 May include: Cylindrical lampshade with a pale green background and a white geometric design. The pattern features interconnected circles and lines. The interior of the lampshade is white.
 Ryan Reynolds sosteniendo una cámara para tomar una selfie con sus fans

▬▬▬

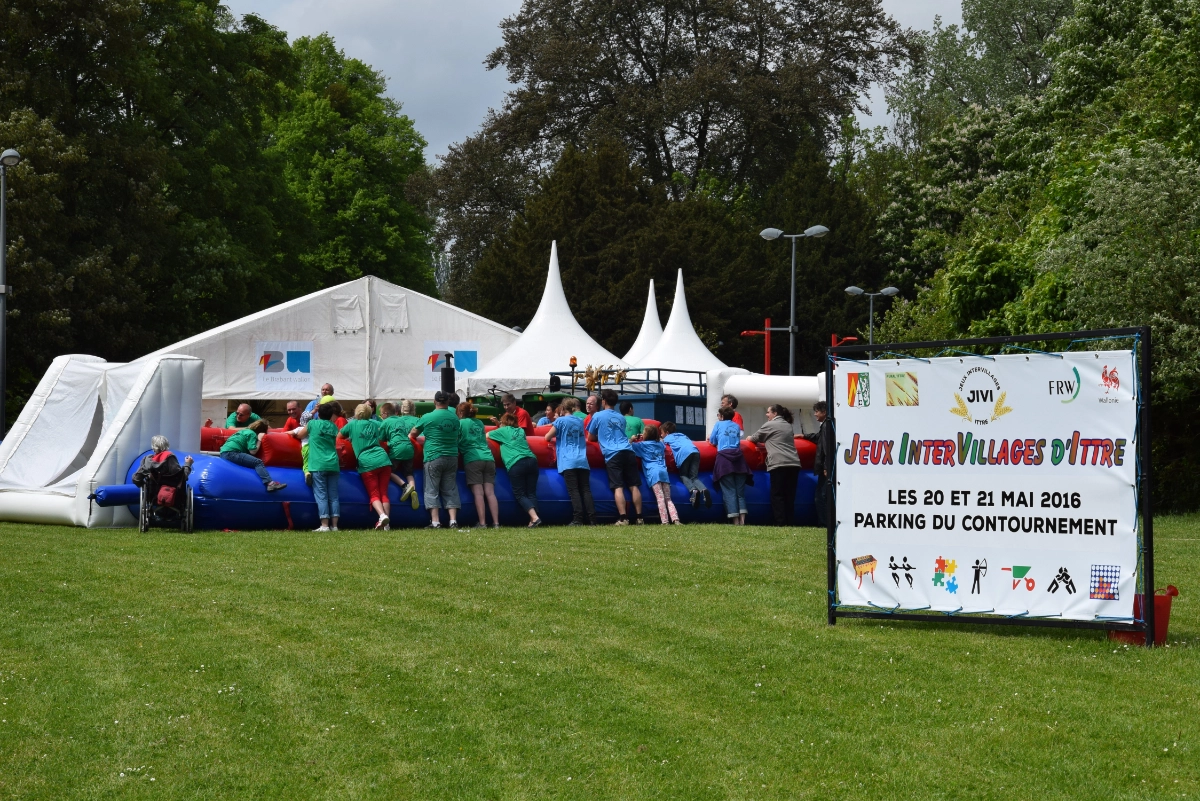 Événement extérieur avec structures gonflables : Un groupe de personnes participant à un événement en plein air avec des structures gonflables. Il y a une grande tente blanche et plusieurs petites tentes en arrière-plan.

▬▬▬

• _Problem details_
Of the entries above, repeat exactly the lines from the line with "May include: Cylindrical" through the line with "Ryan Reynolds sosteniendo", both of them included.

• _Task output_
 May include: Cylindrical lampshade with a pale green background and a white geometric design. The pattern features interconnected circles and lines. The interior of the lampshade is white.
 Ryan Reynolds sosteniendo una cámara para tomar una selfie con sus fans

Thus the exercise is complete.